When we are too close, its hard to see. Other times, because of the way our brains interpret data, we are unable to see what others can see. Have you ever had one of those “haha” moments when something that was previously “hidden” to you became revealed? I have been locked in a mind-set for a couple of years and my perspective on where I am at in relation to the grief process has held me captive. My friend Chris, who lost his wife 24 years ago wrote a couple of lines that illuminated a perspective I had not seen. As I read his words, a door was flung open and I walked out of that “prison” and into liberty. Nothing externally changed, but internally I am jumping for joy at my new-found freedom! I see again how we can be imprisoned by irrational or wrong thinking. I have a choice, either to stay in that “prison” or walk away and with time put distance between it and my new liberty. “The wide open spaces of God” are freely available to us all. Whilst our external circumstances can be utterly awful and may be with us for the rest of our lives, God can bring a liberating hope to our minds that changes the lenses of how we see life. That can bring a peace and a joy that comes from the inside out not the outside in.
When will the passion return? When will meaning in the ordinary come back? When will excitement for next steps be evident? Kathy and I wondered the other day whether or not we should have a chat with some sort of counsellor. On the one hand, I have read much, have a pretty good understanding of my personality type and on the other often say “we do not know what we do not know”! I am also a little guarded about chatting to someone who has read much but experienced little!
I’m enjoying a book of speeches written by a gentleman in 1870. He used a phrase that struck out to me; “healing from the inside out”. I remembered a girl on one of our ships who developed lots of boils. The doctor lanced them and kept a piece of gauze in them so that they did not heal from the outside, thus forming a block to let the puss out. The boils had to heal from the inside out.
On the surface and externally, Kathy, Akila, Laura and I are doing well. On the other hand we are very aware of “transition”. We aren’t who were or where we want to be. We havent a clue where we are going or how to get there. I’m very relaxed about it and have seen this “desert” or “quiet place” to be good in our lives. Although we have wondered if by now we should not of already arrived at the next place. It’s now 3 1/2 years since Mike died.

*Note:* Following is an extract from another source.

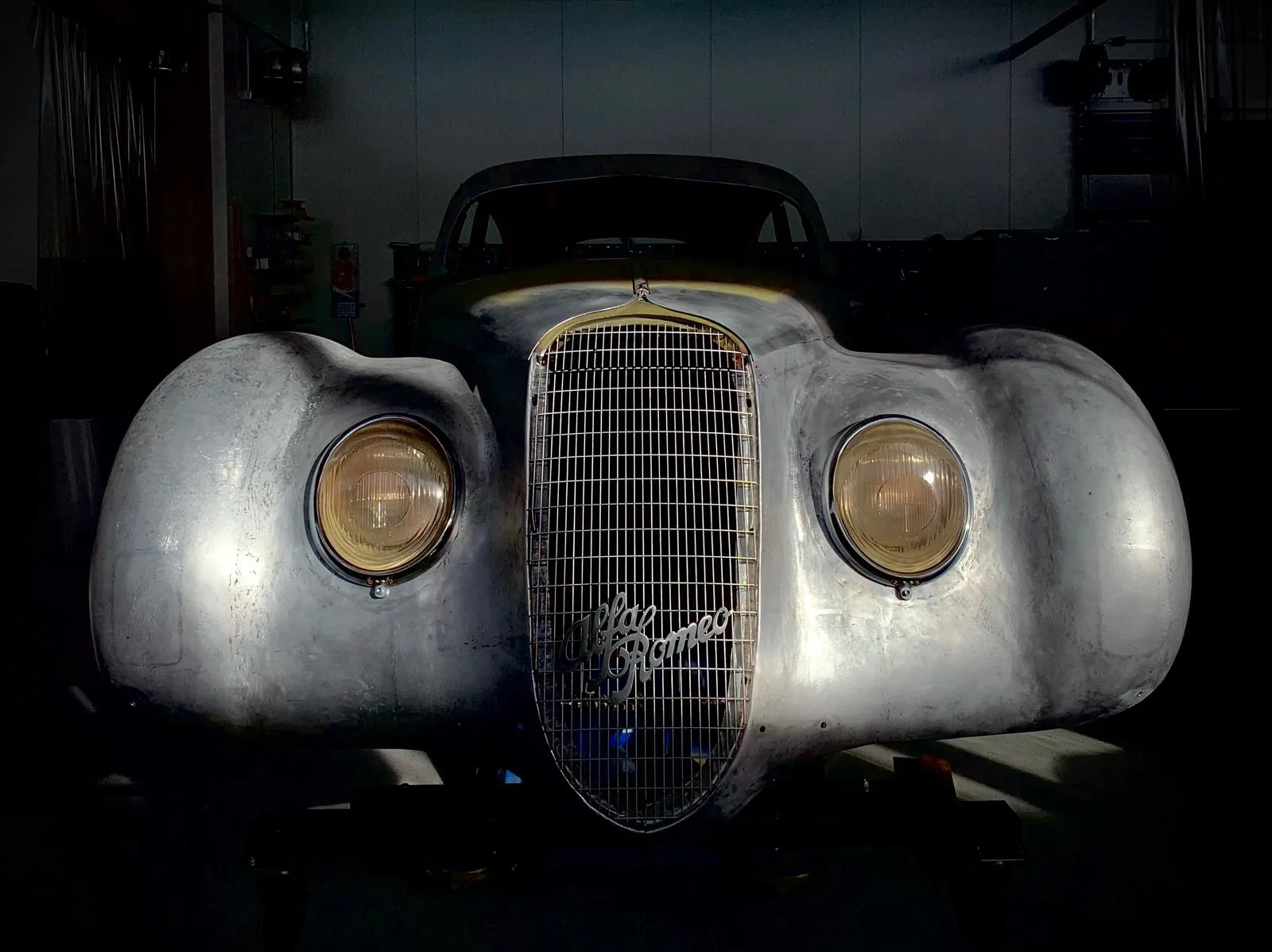 A picture of a front of an old Alfa-Romeo with yellow headlights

When the air is allowed to come in contact with an external wound, it speeds up the repairing of the skin process. There is no external damage to the emotion of grief. Healing is a slow and unseen process. It’s more than the ingredient of time. It’s a journey of obstacles to face, the confrontation of unwanted intrusions that bring emotions to the surface, the transition of holding on to letting go, looking back and allowing a tear and a smile, focusing on what we have not what we lost, decoding what is important from the stuff of life, engaging in the process not denying it and I suppose importantly excepting not fighting the healing process and thats where time comes in. These processes take time to do their work. If it takes a baby 9 months from conception to delivery then there is no point fighting that time line.